Those who are skeptical about the ability of government to effectively manage huge programs got some additional ammunition last week.
The state auditor general’s office released the results of an audit it performed on the state agency overseeing the multibillion-dollar Medicaid program and came up with some disturbing news.
It concluded that the state’s Department of Healthcare and Family Services failed to properly oversee the spending of more than $7 billion in payments to managed-care organizations that contract with the state to administer benefits for Medicaid recipients.
Just to give readers an idea how big the state’s Medicaid program is, here’s a mind-numbing statistic to consider. One in four Illinois residents is a beneficiary of this staggeringly expensive social welfare program.
Medicaid and public pension costs are the two most expensive programs the state oversees.

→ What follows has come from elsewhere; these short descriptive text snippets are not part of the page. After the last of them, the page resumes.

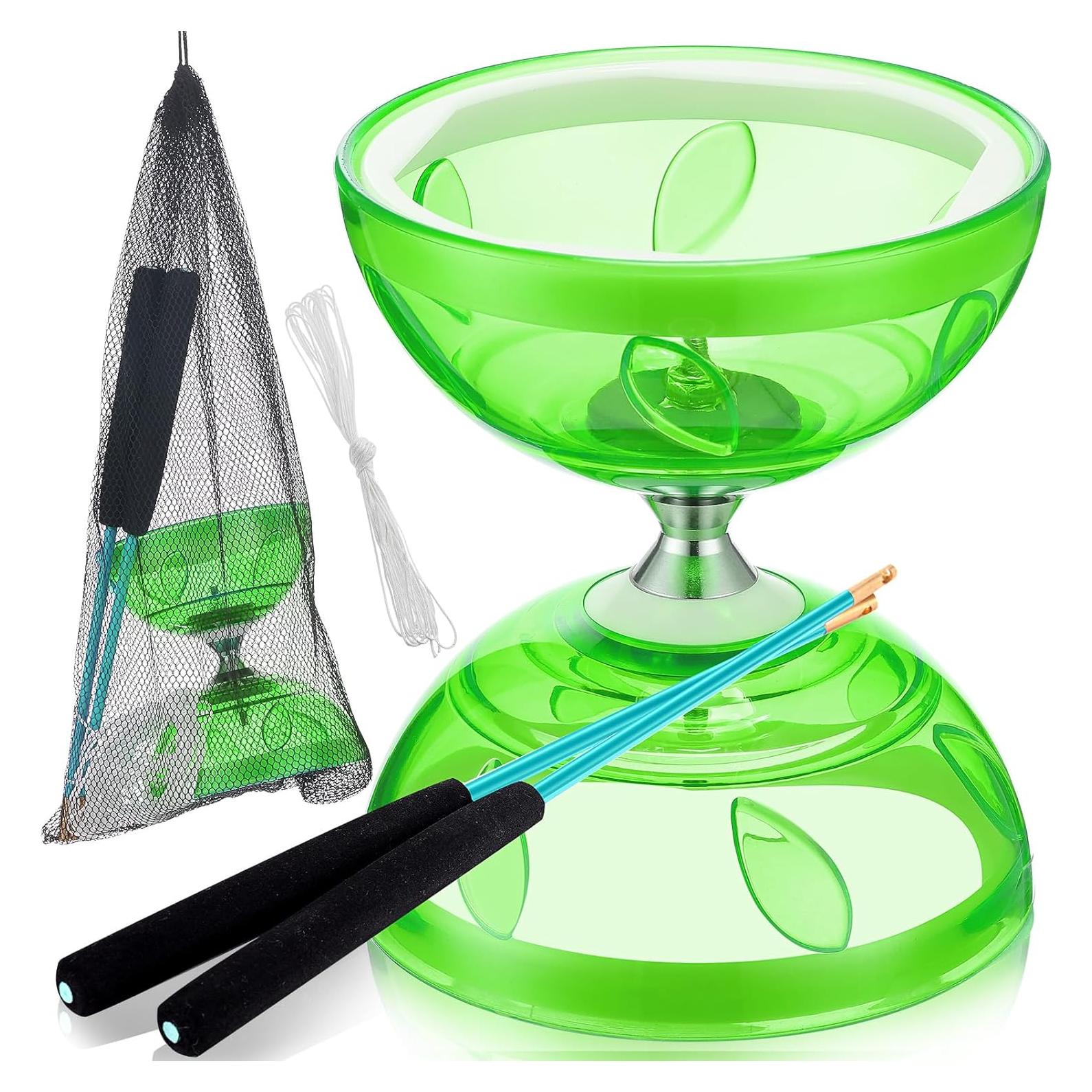 Juego de Diabolo Chino Simgoing Verde con Palos y Cuerda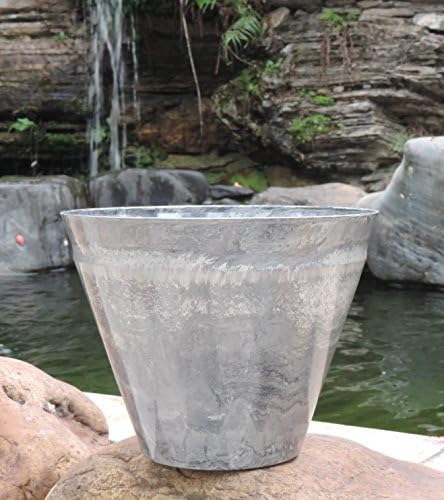 Austram 820155 Marble Nile Planter, 14.57 x 10.63", Grey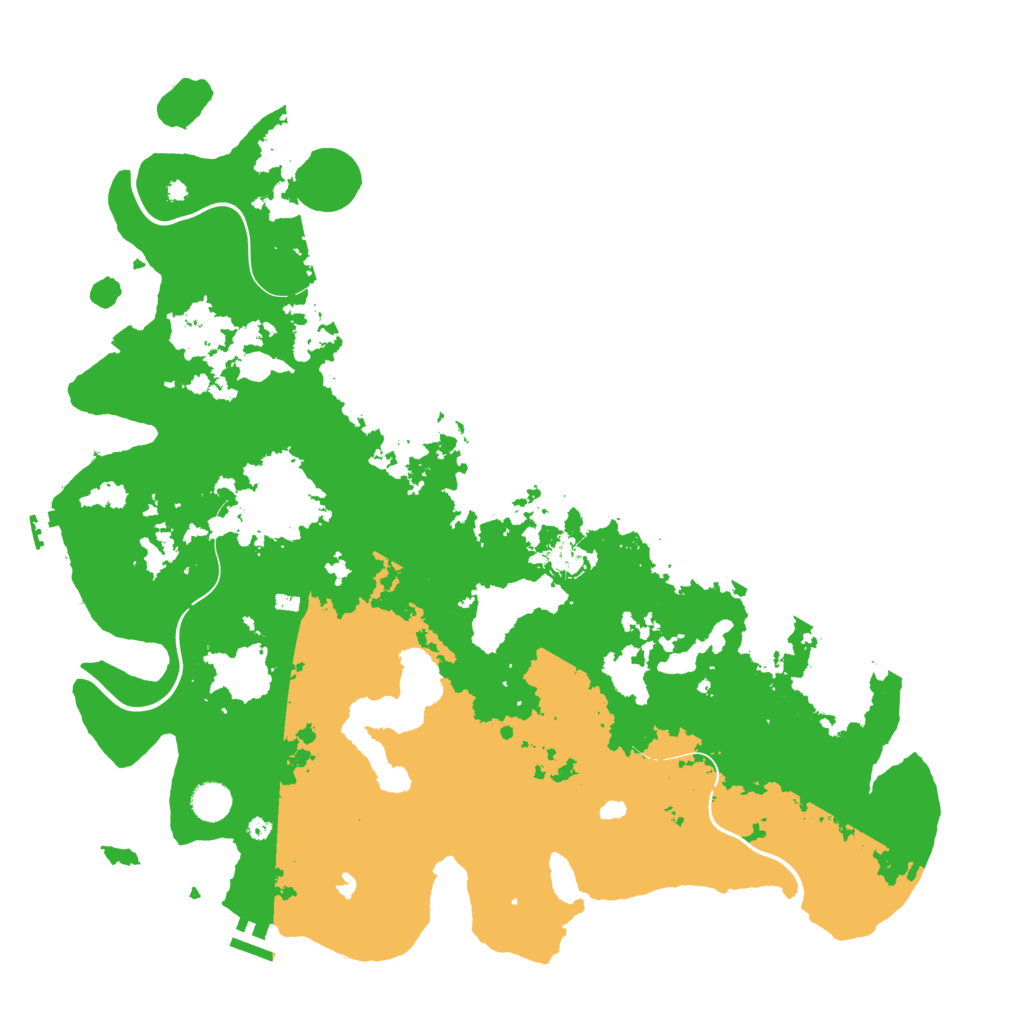 Biome Rust Map: Procedural Map, Size: 4500, Seed: 1185039227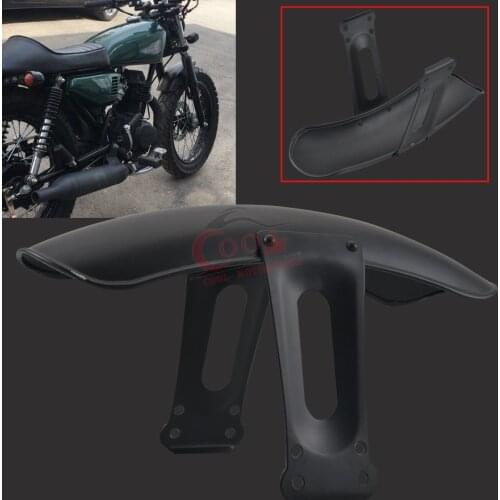 Retro Black Metal Front Rear Fender Mudguard Cover For CG125 Cafe Racer Modification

Indeed, the rising costs of Medicaid and public pensions consumes so much money that it’s becoming increasingly difficult to fund core state programs, including K-12 and higher education, public infrastructure, law enforcement and mental health.
At Gov. Bruce Rauner’s direction, the state is moving toward managed health care as a cost-saving measure.
To start with, the program covered roughly two-thirds of Medicaid recipients in 30 counties. It’s being expanded to cover most Medicaid recipients in each of the state’s 102 counties.
But the audit, the results of which are not being disputed, revealed that the department simply wasn’t up to the job. Either that or it didn’t even try. Who knows what’s really going on inside mindless, cumbersome bureaucracies that operate with prehistoric technology tools and a stunning lack of accountability.
At any rate, the audit revealed that the department couldn’t produce data it was contractually required to collect. But that shortcoming barely scratched the surface in terms of the bureaucratic failure.
The department couldn’t provide reliable data on claims it paid to managed-care organizations, on claims that the organizations denied, on administrative and care costs the organizations incurred and what the organizations spent on legitimate health care costs as opposed to business costs.
The idea behind the managed-care program is that it will reduce costs and improve care. But crucial to that claim is the skill with which it is managed, and a major component of management is acquiring information that reveals the benefits, or shortcomings, of moving from one plan to another.
Department officials tried to downplay the audit’s findings, stating that recommended fixes already were being put it place or will be put in place.
Since policy affects politics, Democrats were quick to heap the blame for this management failure on Gov. Rauner and his advocacy of the managed-care model.
But he’s hardly the first to suggest that managed care is a better, less costly way to deliver health care to those in financial distress.
Then again, he comes from the private sector, where the price of total failure is bankruptcy.
There’s no similar kind of accountability in the public sphere, where bureaucracies set their own rules.